The size of each pixel can be read off directly: the length of the line segment is already given in pixels, and we know the length of the division in physical units a priori from the Amazon listing. :smile:

Here are some results for my particular IMX429 sensor and extension tube setup. These are the size of each pixel at the best focus position for each color channel:

  • 2.8557 µm/pixel for red.
  • 2.8552 µm/pixel for blue.
  • 2.8503 µm/pixel for green.
  • 2.8522 µm/pixel for white.
  • 2.8798 µm/pixel for IR.

Something jumps out right away: red and blue have nearly identical pixel sizes! Keep that in mind for later. :wink:

Knowing that the sensor has 1936 pixels across, you can do the math and figure out that a picture of some object that is 6mm wide will end up ~3.4 pixels wider when taken with green light than it will with blue or red light. (For IR it’s almost 20 pixels narrower!) Assuming they’re aligned by the image center, by the time you get out to the edges, green will be off by almost two pixels. (For higher resolution sensors like the RPi HQ camera, this will be about 2x worse because it has about 2x as many pixels across.)

Instead of trying to correct for the effect by adjusting a bellows for each color channel, I think I’ll just resample each channel in software down by (up to) four pixels, realign them, and call it a day. That should clean up any color smearing at the edges and in the corners.

Focus Detection

The simplest metric for detecting an image’s relative focus is just taking the standard deviation of each pixel value in the image. That’s a one-liner in OpenCV, so it’s what I started with.
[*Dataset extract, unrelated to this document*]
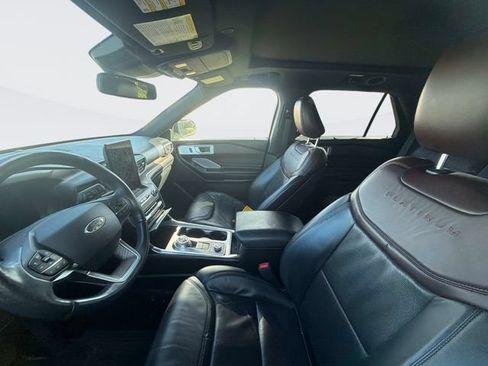 Used 2020 Ford Explorer Platinum w/ Premium Technology Package AWD/4WD image 10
So we can see where our best focal planes are by walking the camera’s Z-axis forward one step, capturing an image using each color channel, and calculating the standard deviation of each image.

When you’re done, you get a beautiful graph like this:

Data is never that clean! Those are almost perfect Gaussians.

The amplitude of each curve doesn’t matter. That’s just the relative brightness of each LED (and QE of the sensor), with the camera set to manual exposure, so some colors were naturally dimmer than others.

The important part of each curve is the X position of the peak. That’s the ideal focus position. And the thing that jumps out immediately (and also agrees nicely with the pixel size observations) is that the Schneider Componon-S 50mm f/2.8 is achromat corrected.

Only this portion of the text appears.